Student Opinion: Pharmacist Arrested for Spoiling Coronavirus Vaccines


By Jose Orozco

Last Thursday, a pharmacist at a Wisconsin hospital was arrested for tampering with over 500 doses of coronavirus vaccines. Recent claims suggest that the worker tampered with the vaccines twice before they were administered to several patients.

The pharmacist, Steven Brandenburg, is currently held in prison on three criminal counts. The New York Post reports that they are “recklessly endangering safety, adulterating a prescription drug and criminal damage to property.” 

However, police have yet to officially declare him as the alleged culprit. 

The culprit had left each Moderna vaccine vial out of the refrigerator on Dec. 24 and 25. The intentions are unclear as of this moment.
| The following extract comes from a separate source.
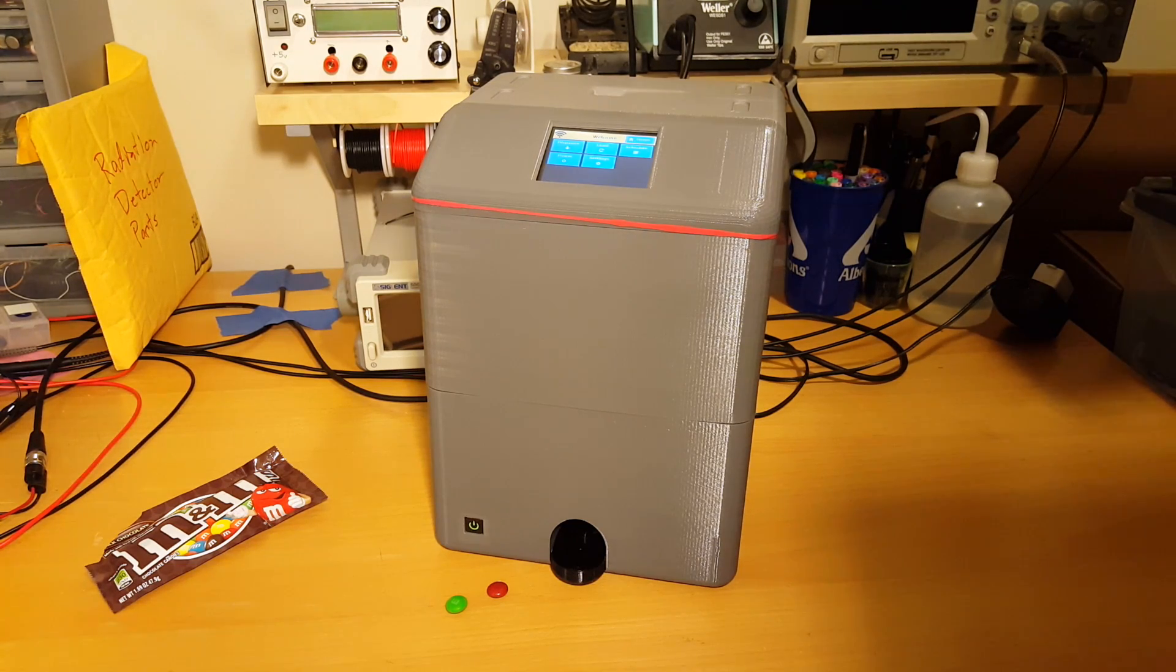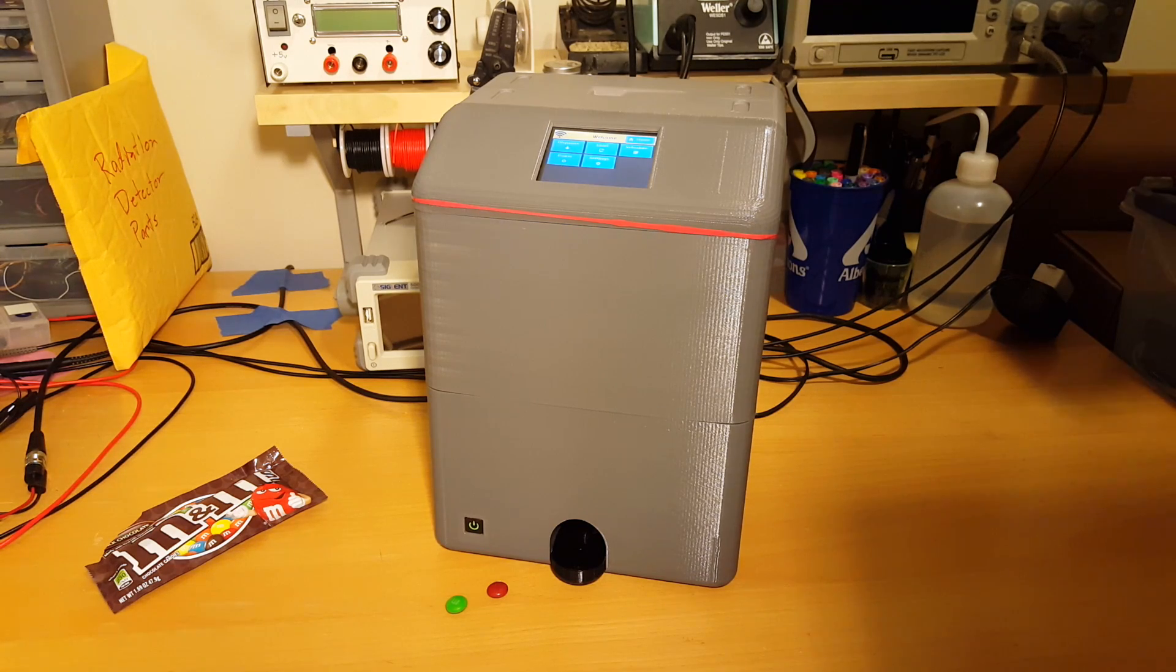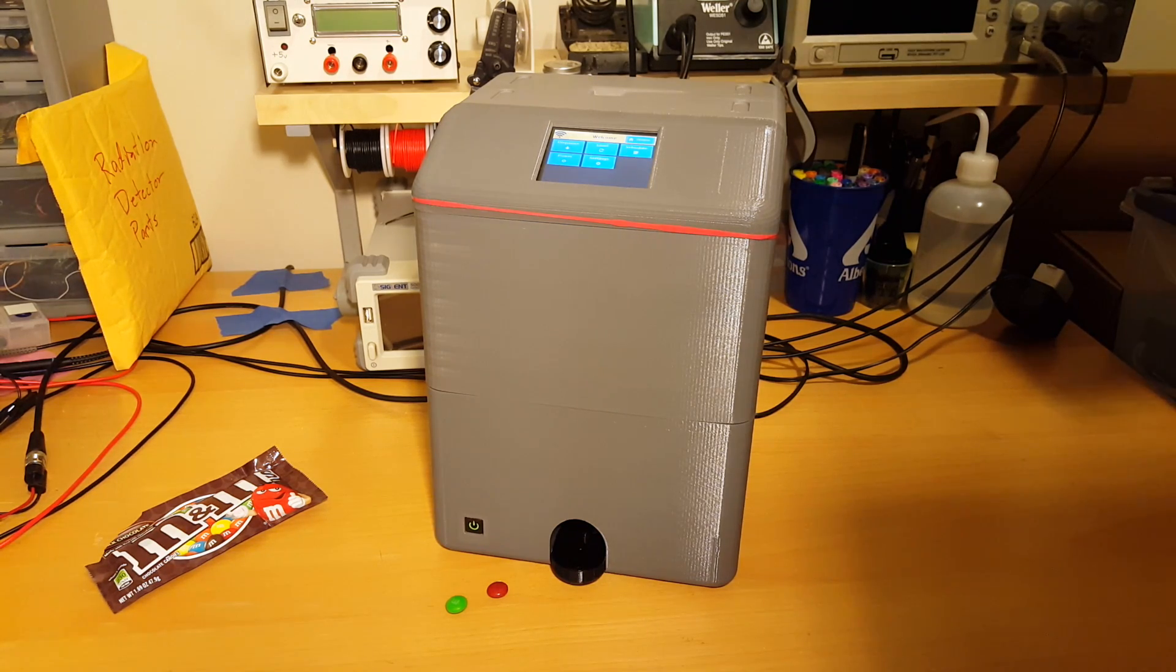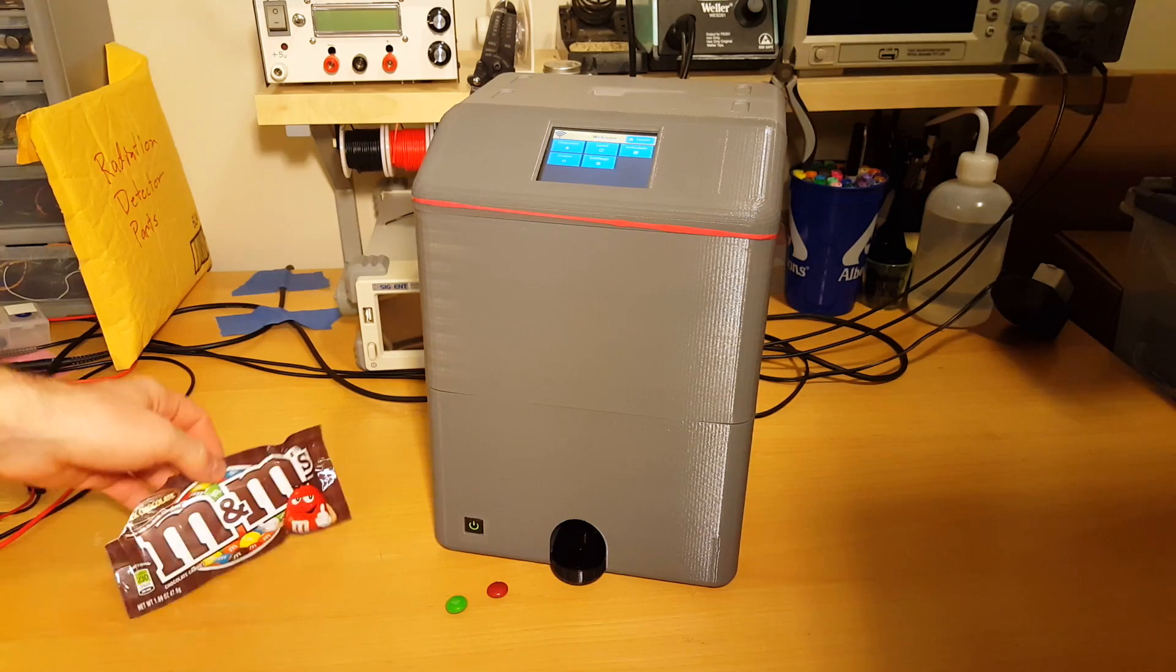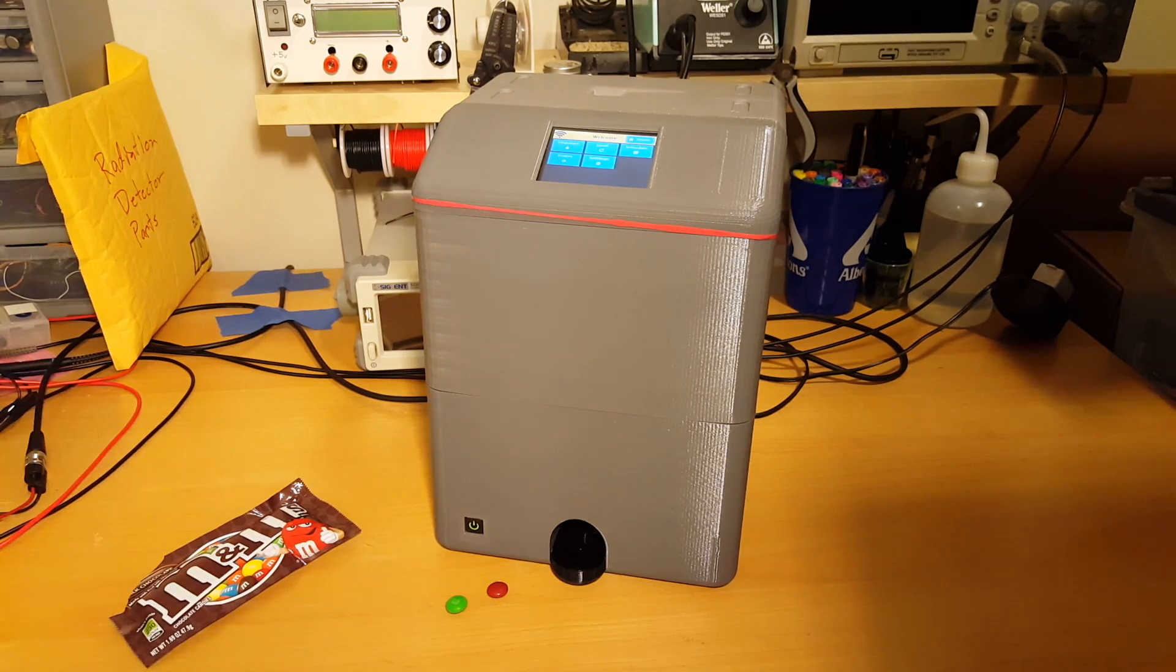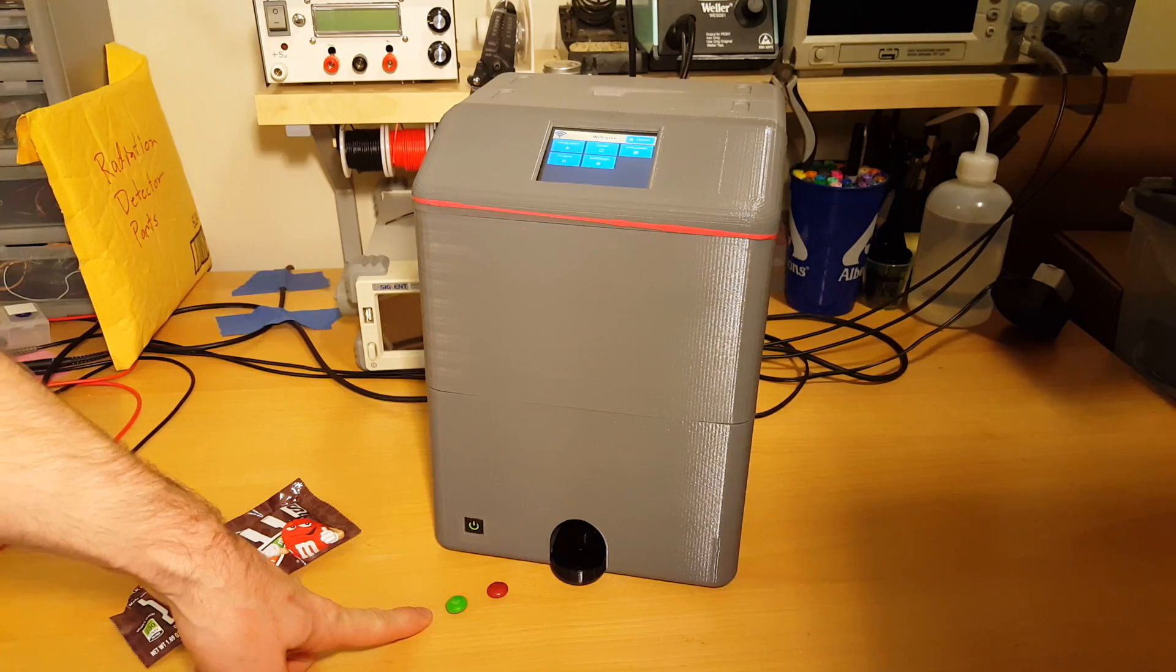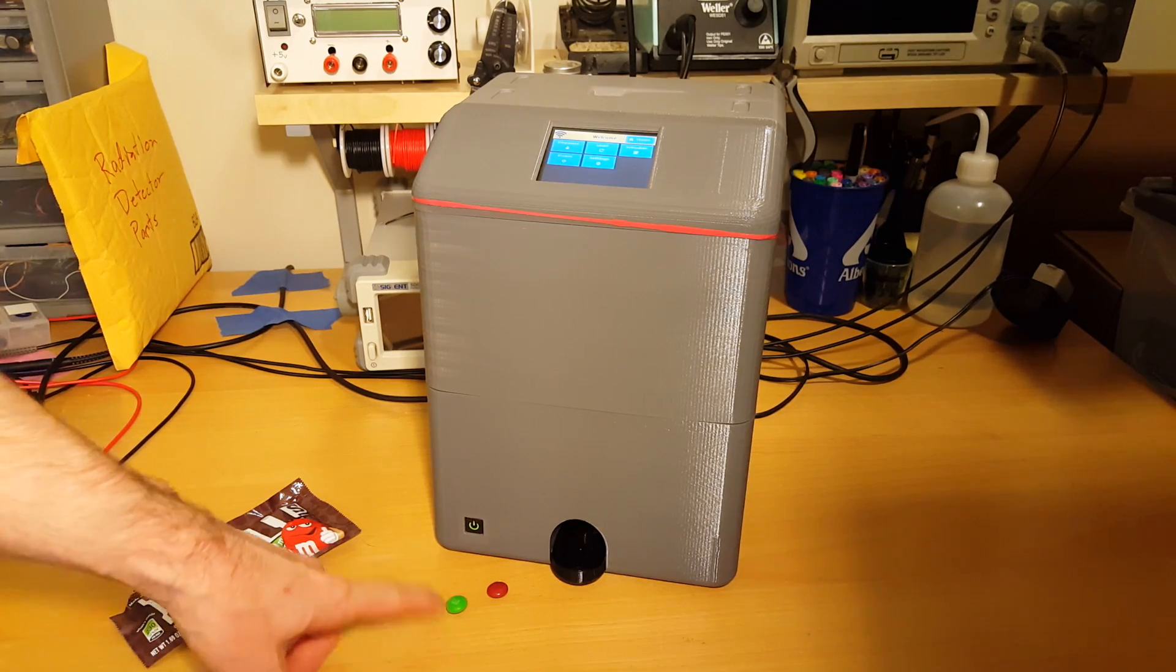Hi everyone, welcome back to my second video about the smart desktop medicine organizer. Today I'm going to do what I call the M&M test, which is essentially using M&Ms to simulate pills.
One can speculate that the pharmacist was doing this as an unethical experiment on the placebo effect.   

The New York Times states that the pharmaceutical company making the vaccines “reassured that the spoiled vaccines would not harm the individuals who received them.” But they would be “rendered less effective or ineffective” since the mRNA molecules quickly fall apart at room temperature. 

There has been no further evidence of additional tampering; nonetheless, his actions intended people to receive an ineffectual vaccine that they believed would protect them from the virus. But if he did want to perform the placebo effect on patients, he would need to check on their status again –– an unlikely outcome during a vaccination.  

My thoughts are that it could be an act of creating chaos as more people who believe they are protected from the virus may act careless and, in turn, become more likely to be infected. This is just speculation, of course. 

According to the New York Post, the vaccines “can be kept at room temperature for up to 12 hours,” and it was not known for how long the vaccines were out. 

NPR reports that a pharmacy technician had discovered the vials outside of the refrigerator on Christmas morning. Superiors were immediately notified where the spoiled doses had been estimated to value between $8,000 and $11,000. 

The hospital’s superiors are as culpable here because the vaccines were administered without ascertaining the time the vials were out. Money was a considered factor in the decision to issue the vaccines or not.

57 people given the vaccine have been notified, and further use of the spoiled vaccines has been hitherto stopped. 

Undeniably, the pharmacist’s actions are planned, and we can all agree that his actions were unethical. 

 A medical professional must place the safety of others above everything else. Pharmacists have an ethical obligation to provide medications to those who seek aid. And like with any other profession, they are expected to act with integrity while respecting people’s values. 

What occurred at Advocate Aurora Health Hospital is shocking and unfortunate to see. The actions of the individual placed the hospital in jeopardy. If the administered vaccines had negative consequences, the hospital would be responsible for not having tighter surveillance and no assured safety precautions for the administration of vaccines.

Having someone do such unethical actions in a hospital is a disadvantage to everyone. The patients are lied to, and the entire staff receives the repercussions of such actions.

Thankfully, no one was harmed. The actions of the pharmacist were out of place when thousands of people are suffering from the pandemic. Imprisoning those who mistreat coronavirus vaccines is a justified punishment. 

Hopefully, this case discourages such unethical actions as more vaccines are beginning to be distributed nationwide.  

Jose Orozco is a fourth-year student majoring in English at UC Davis. He is from the San Joaquin area.